Joan Patenaude-Yarnell, on the faculty of the Curtis Institute and the Manhattan School of Music, believes that fear is a factor in today’s training of young singers: “In the beginning of the Verdi era, singers were still trained in bel canto technique. In the Puccini era, there was no need to teach that kind of finesse, and they started screaming. Along came Madame Callas and brought us back to what bel canto really was. But now we’ve taken it too far, and everyone’s becoming afraid. The teachers are responsible, more than anybody.” 

A singer who wants to try on a heavier role to see how it fits may be discouraged from doing so. “There’s a fear of repertoire that is very prevalent in this country,” says Levy. “And there’s a kind of dumbing-down of the lyric baritone sometimes, because of expedience and sometimes because of fear.” 

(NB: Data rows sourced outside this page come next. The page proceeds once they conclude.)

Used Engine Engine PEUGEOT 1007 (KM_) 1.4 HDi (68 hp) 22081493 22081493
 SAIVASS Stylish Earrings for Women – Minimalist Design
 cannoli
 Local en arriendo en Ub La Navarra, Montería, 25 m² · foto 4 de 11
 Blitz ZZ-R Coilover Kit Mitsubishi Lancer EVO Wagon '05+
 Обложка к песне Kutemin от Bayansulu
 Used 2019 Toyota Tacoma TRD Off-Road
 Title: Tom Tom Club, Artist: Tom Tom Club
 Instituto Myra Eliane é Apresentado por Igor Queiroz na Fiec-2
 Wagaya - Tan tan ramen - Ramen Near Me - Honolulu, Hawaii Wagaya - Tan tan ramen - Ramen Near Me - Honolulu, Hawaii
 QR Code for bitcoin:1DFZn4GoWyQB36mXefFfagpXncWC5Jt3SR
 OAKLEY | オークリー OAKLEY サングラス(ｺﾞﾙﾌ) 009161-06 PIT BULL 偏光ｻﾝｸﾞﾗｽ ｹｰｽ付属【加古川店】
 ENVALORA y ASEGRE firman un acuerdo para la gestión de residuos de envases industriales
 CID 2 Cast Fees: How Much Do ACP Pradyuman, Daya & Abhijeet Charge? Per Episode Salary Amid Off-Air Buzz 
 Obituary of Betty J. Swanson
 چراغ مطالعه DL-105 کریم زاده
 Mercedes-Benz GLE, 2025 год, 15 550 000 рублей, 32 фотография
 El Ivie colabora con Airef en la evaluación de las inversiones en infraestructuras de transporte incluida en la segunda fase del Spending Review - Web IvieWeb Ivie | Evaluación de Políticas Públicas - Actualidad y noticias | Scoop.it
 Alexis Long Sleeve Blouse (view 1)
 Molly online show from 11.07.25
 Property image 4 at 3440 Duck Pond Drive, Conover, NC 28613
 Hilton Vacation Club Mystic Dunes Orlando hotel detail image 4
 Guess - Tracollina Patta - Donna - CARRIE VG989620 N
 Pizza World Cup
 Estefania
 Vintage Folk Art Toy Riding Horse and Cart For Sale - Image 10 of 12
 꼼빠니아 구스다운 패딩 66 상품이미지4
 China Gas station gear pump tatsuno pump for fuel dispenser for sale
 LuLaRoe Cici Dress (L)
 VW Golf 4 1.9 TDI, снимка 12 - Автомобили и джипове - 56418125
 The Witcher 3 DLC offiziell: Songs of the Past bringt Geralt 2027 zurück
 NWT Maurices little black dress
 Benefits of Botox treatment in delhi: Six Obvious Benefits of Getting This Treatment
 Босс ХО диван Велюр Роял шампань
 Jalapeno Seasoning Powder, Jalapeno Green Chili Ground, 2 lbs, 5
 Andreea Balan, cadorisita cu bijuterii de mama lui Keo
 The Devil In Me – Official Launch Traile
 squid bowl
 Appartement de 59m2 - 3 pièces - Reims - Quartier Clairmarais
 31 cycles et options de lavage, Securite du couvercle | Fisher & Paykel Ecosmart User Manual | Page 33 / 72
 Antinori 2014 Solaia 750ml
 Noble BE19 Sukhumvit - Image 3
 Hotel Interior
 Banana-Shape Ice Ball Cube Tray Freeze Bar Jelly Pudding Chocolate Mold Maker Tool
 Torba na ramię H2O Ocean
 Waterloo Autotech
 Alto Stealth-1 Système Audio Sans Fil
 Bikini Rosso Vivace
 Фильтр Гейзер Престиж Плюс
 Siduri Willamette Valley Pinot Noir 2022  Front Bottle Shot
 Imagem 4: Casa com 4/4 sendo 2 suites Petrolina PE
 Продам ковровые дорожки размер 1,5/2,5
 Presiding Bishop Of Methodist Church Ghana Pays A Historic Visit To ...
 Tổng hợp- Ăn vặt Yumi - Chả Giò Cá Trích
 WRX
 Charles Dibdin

One great advantage lyric baritones have is that the climate for new work in the U.S. is very good right now—and the leading male roles in many new operas are being written for lyric baritones who can look the part and get the words across—almost a “Broadway-plus” baritone that isn’t as dark as the average baritone voice even a generation ago. Ruth Golden, who is on the voice faculty of the Manhattan School of Music, recalls taking one of her students to audition for a Ricky Ian Gordon work. “He had a nice full sound, but they said they wanted it ‘more talky.’ Their use of text is more recitative-like. The taste level is that they want it less ‘operatic’-sounding.”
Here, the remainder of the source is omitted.